Area of Plane Figures

Question

Do all plane figures have some area (may be zero, finite or infinite)? What I mean to say is that, do all subsets of the Cartesian plane have area? By area I mean area in the euclidean sense.

Answer 1

If I understand you correctly, you are essentially asking whether all subsets of the plane are measurable according to the Lebesgue measure.

There are some well-known examples of non-measurable sets. The most common one with an obvious geometric interpretation is probably one of those involved in the Banach–Tarski paradox. That paradox is a description of how one can split a ball into a finite number of sets of points, and then reassemble these using rigid motions to obtain two copies of the original ball. This doesn't make sense if all the point sets had well-defined volume. As this is a ball in 3d, and not a planar figure, it doesn't directly serve as a counterexample to what you are asking. But it demonstrates the kind of thinking you'd likely have to employ. In particular, according to the Wikipedia article on non-measurable sets, the existence of these can only be demonstrated using the axiom of choice, and many constructions building on that axiom are hard to imagine in a geometric fashion.

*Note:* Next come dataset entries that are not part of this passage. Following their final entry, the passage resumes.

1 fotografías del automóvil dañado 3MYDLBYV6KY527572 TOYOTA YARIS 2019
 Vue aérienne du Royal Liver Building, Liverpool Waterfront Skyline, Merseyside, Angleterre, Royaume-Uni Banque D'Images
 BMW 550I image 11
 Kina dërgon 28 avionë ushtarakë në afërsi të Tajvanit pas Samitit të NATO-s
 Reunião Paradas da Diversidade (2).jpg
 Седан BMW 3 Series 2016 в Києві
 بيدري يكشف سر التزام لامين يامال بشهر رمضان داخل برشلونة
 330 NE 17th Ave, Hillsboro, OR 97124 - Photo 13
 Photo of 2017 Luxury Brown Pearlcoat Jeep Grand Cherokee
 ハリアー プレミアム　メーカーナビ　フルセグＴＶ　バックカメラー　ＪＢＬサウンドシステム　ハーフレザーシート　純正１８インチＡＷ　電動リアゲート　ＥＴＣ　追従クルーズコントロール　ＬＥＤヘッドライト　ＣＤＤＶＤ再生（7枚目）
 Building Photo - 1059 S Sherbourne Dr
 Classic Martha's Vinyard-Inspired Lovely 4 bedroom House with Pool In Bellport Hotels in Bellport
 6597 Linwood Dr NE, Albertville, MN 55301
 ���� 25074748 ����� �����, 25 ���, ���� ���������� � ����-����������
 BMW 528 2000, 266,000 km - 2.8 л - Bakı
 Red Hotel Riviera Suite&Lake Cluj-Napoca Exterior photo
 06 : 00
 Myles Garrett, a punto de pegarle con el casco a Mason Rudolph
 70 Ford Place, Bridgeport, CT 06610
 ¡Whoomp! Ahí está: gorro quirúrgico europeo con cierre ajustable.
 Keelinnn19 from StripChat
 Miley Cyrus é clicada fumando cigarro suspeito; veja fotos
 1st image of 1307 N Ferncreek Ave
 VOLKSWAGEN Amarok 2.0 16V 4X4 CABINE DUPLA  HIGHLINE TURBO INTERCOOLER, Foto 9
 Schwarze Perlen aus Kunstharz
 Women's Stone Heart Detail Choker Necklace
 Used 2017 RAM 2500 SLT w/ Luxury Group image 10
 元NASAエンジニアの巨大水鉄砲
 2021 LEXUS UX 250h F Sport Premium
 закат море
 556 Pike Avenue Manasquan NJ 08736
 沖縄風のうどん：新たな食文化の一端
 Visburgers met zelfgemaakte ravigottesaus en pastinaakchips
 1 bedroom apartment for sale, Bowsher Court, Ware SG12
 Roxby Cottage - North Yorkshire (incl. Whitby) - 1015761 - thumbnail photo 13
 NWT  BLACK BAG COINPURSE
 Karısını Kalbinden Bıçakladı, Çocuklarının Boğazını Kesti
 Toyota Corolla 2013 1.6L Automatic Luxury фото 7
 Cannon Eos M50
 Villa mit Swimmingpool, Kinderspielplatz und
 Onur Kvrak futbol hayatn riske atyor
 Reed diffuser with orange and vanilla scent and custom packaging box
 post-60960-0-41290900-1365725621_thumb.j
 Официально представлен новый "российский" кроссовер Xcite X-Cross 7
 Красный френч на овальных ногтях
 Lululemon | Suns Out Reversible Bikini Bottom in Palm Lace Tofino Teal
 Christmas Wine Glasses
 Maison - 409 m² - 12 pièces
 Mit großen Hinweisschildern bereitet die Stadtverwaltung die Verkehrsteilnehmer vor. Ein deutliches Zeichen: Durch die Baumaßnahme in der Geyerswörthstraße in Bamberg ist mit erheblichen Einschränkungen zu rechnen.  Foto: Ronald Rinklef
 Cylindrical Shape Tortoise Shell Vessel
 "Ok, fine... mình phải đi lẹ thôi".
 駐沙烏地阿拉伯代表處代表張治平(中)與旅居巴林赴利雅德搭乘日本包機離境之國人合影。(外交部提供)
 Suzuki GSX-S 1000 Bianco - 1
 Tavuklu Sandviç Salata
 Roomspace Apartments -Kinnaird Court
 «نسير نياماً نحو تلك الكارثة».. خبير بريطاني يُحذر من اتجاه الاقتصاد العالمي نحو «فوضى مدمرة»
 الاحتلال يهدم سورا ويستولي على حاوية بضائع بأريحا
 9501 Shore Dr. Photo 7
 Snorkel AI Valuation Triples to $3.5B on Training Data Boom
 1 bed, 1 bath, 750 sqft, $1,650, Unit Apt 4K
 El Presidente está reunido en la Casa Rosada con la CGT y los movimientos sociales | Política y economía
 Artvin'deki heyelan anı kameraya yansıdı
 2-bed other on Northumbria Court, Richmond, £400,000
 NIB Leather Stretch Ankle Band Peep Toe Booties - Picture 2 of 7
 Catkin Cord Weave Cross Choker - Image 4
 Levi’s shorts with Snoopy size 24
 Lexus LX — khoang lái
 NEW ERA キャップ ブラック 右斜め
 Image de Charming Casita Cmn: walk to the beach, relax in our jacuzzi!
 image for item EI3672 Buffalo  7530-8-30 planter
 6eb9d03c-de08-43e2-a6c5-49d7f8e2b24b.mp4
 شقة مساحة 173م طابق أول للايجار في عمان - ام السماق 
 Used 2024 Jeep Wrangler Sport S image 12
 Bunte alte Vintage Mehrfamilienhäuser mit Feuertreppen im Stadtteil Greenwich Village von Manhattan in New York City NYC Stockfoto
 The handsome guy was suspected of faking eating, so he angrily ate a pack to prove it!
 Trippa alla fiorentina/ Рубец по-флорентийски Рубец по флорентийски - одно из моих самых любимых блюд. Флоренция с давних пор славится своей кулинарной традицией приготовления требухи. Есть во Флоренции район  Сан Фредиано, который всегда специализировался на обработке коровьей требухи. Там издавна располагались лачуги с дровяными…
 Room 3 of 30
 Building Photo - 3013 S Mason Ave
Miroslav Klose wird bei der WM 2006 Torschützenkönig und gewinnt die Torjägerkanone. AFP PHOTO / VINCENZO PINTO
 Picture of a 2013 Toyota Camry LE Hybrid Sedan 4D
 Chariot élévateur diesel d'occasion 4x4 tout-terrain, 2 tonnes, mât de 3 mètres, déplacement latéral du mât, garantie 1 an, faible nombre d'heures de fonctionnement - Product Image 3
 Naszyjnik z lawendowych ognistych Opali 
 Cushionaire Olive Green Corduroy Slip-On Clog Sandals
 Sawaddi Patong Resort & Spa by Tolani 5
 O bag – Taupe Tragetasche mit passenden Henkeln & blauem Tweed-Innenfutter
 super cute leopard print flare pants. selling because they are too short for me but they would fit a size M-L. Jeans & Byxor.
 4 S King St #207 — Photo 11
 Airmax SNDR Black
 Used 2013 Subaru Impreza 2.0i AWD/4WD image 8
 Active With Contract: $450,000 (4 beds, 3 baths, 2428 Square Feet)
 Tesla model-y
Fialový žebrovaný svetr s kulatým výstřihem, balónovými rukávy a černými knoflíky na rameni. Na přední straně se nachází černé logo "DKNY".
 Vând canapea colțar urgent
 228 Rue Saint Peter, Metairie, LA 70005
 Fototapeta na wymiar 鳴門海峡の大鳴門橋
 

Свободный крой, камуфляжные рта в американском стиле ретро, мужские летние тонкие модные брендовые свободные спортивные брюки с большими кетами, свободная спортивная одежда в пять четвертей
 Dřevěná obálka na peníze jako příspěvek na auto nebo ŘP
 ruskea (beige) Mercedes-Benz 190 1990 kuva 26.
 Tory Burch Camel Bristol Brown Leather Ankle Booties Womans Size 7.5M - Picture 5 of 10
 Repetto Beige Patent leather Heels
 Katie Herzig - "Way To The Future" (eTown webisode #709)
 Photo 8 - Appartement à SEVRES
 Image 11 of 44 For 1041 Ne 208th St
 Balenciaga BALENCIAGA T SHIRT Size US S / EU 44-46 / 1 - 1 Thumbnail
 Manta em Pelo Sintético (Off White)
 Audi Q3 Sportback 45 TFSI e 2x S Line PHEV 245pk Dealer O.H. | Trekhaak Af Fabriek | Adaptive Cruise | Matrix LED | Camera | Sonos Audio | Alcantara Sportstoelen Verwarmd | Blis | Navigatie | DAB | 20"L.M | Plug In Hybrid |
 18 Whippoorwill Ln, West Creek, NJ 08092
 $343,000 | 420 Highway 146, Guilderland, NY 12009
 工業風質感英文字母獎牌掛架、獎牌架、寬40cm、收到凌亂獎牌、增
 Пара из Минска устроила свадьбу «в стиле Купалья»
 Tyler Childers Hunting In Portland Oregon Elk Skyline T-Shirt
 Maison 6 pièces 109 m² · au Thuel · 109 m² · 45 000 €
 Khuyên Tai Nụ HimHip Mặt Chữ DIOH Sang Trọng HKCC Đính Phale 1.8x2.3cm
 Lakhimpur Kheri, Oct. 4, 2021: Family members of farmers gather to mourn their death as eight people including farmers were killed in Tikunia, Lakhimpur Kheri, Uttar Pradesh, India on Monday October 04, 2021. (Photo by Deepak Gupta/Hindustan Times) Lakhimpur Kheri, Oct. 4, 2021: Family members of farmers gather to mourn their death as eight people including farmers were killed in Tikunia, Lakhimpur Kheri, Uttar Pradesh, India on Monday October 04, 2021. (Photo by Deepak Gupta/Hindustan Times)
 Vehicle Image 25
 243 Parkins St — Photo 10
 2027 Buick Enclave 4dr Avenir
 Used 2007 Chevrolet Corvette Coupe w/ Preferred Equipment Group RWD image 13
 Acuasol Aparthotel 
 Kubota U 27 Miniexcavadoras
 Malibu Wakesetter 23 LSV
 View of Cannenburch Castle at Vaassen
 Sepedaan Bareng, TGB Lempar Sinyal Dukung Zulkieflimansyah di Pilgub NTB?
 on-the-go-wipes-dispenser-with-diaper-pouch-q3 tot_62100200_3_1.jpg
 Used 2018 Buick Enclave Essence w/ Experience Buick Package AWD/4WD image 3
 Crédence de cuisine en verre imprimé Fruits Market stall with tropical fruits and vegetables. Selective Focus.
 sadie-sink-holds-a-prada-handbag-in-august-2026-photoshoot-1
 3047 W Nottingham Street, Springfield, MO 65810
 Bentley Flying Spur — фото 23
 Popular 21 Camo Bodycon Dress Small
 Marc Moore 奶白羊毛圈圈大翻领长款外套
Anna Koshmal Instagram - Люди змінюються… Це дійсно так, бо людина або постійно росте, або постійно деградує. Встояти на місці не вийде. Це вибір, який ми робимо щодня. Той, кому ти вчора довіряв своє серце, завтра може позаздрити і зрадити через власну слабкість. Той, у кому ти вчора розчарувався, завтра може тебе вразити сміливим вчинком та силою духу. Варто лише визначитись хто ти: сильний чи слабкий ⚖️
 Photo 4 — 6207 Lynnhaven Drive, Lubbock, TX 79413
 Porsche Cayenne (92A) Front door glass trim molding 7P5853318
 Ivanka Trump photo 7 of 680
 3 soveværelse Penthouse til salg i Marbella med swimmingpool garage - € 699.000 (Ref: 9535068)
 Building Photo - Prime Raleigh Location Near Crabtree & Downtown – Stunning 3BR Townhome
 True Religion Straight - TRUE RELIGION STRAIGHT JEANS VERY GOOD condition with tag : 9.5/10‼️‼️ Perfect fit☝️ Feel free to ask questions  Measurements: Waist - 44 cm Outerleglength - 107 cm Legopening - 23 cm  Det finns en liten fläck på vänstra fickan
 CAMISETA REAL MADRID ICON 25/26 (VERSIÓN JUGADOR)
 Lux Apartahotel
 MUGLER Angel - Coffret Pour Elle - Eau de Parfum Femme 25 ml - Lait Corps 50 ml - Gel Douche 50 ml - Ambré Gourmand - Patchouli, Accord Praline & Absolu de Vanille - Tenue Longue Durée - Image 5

Following the tags lebesgue-measure and measure-theory (which you might want to add to your question) I found Nonmeasureable subset of ${\mathbb{R}}^2$ such that no three points are collinear? Comments there by PhoemueX indicate that such sets do exist, and that Sierpinski has constructed one. So if you want an explicit example, looking up the literature on this might serve, although there are probably easier examples without the additional non-collinearity constraint.

To summarize: no, not all subsets of the plane have an area.